Nothing is Heavy

Vicki Jarrett

Published by Linen Press 28 September 2012

256pp, paperback, £9.99

Reviewed byElsbeth Lindner

 

‘I’ve had a very long night,’ says Beth towards the end of Vicki Jarrett’s tragic-comic debut, and she’s not wrong. Shootings, beatings, car chases, death by misadventure and penguining* are just some of the events during one very busy evening in Junction Street which, with its comically impotent villains, kindly coppers, bouquet-wielding guys in gorilla suits and fatal scraps of roof tile, bears a passing resemblance to Albert Square in one of those heightened, end-of-the-year specials.

The novel features three central characters who, between them, can tot up a football team’s worth of catastrophe. Beth tops the list – her mother gave birth to her while in a coma and then died, alongside her father, after a car crash; her grandparents, with whom she then lived, were killed in a house fire; and the love of her life perished in another car crash which Beth survived. Now, unsurprisingly, she’s living a life of numb withdrawal while working in a chip shop. Then there’s pole-dancer Amber, and the chap in the monkey suit, George, each of whom has a litany of troubles.

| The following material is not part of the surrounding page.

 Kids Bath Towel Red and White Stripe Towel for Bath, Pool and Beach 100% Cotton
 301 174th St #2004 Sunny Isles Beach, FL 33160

Laugh? Well yes, you do sometimes in this occasionally surreal tale of a drug heist which turns out well for quite a lot of people although not Amber’s boss at the strip club, John, ‘the guy with the sunroof in his head’ owing to an unlucky encounter with a stray chunk of roof slate. Jarrett’s talent for throwaway humour keeps the mawkishness at bay and helps readers swallow the helter skelter pace and not entirely unpredictable conclusions to the three main characters’ predicaments.

Angels feature frequently – neon ones with drugs up their tubes; tattooed ones; sarcastic, feminist ones who appear during George’s near-death experience. The celestial beings lend a theme and a title: Alis Grave Nil (Nothing is heavy for those who have wings).

Jarrett’s novel for all its onslaught of events, isn’t heavy either. Its dialogue is fresh – ‘You don’t remember me, do you?’ ‘Small chips and a pickled egg.’ – and its women characters display a feisty, Thelma-and-Louise-ish survivors’ charm. Despite its overload of life-crushing disasters and shorthand assessment of parenting, this is an oddly exuberant and salty book. And that’s even before the chips.

 

*Let’s just say it involves men with trousers round their ankles.